Cast: David Tennant, Stanley Tucci, Dolly Wells, Lyndsey Marshal, Lydia West, Kate Dickie, Eke Chukwu, Boo Golding, Louis Oliver, Atkins Estimond, Dylan Baker, Tilly Vosburgh, Simon Delaney, July Namir, Mark Quartley, Cokey Falkow, Victoria Willing, Harry Cadby, Reynah Rita, Tim Berrington, Charlie Bentley, Malek Aloni, Lee Byford, Suzanne Ahmet, Amie Buhari, Sharon Sze, Aaliya James.

“How does anyone commit murder, do they think of the admin involved?”, it might be a touch irreverential and cynical, and perhaps a bleak message, but in terms of human belief, it is a phrase used by the excellent Steven Moffat in his four-part drama Inside Man, which sums up arguably more of our continued co-existence with each other than the worn out sense of basically that everybody is good; for as Stanley Tucci as Jefferson Grieff hammers home the understanding of the point of murder, we are only ever one moment away from meeting the one who will kill us.

Murder isn’t funny, it is horrific, it is damnation, and yet Death not only has a sense of humour and irony, but it also finds Time for us all, eventually.
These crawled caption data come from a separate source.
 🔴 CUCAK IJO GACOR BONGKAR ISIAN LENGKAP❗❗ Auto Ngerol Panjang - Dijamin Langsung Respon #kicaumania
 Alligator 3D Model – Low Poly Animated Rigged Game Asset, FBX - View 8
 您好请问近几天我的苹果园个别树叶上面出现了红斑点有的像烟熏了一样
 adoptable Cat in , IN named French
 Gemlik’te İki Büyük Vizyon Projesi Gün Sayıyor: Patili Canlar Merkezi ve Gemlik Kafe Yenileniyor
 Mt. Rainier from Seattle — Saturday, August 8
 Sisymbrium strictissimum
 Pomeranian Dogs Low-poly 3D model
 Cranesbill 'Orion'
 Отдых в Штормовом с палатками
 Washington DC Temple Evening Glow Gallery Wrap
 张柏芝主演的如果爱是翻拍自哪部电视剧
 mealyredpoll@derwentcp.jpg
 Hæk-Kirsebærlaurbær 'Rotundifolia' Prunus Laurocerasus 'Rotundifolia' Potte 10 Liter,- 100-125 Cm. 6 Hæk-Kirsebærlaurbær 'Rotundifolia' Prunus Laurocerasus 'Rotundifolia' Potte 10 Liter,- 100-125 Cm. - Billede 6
In this thought we are just conduits of a will of time, and the ones who are caught by surprise at their actions, the ones pushed beyond their mental capacity to reason by circumstances arranged against them, that is the moment of Death’s absolute reveal; that a good man, that a good woman, can, in the right circumstances, become someone else’s end.

Where some might insist that Steven Moffat’s Inside Man is contrived, that such a scenario that brings about the fall of Harry and Mary Watling, the pleasant local vicar and his wife, played with absolute conviction by the ever impressive David Tennant and Lyndsey Marshal respectively, is impossible, it must be arguably accepted most murders are drawn from the moment, an act of simple misunderstanding, a slice of time in which the mind cannot comprehend what is happening and they strike out…not all murder is premeditated, it is just a reflex of events that threaten the sanity and safety of another, of the person pushed to an extreme moment.

It is in this that Inside Man unveils the truth of its situation, a Shakesperian tragedy immersed in the modern day, and one that brings tremendous performances from the main players, especially that of Stanley Tucci, Dolly Wells, and Lyndsey Marshal. The sense of fear and constriction, the false accusation being overshadowed by the course of events, this is the drama that slams itself into the mind of all who are visited in the moment by the image of death, it is forever fleeting, but some will find their worlds shaken overwhelmingly, and it is for the Inside Man a puzzle worth investigating.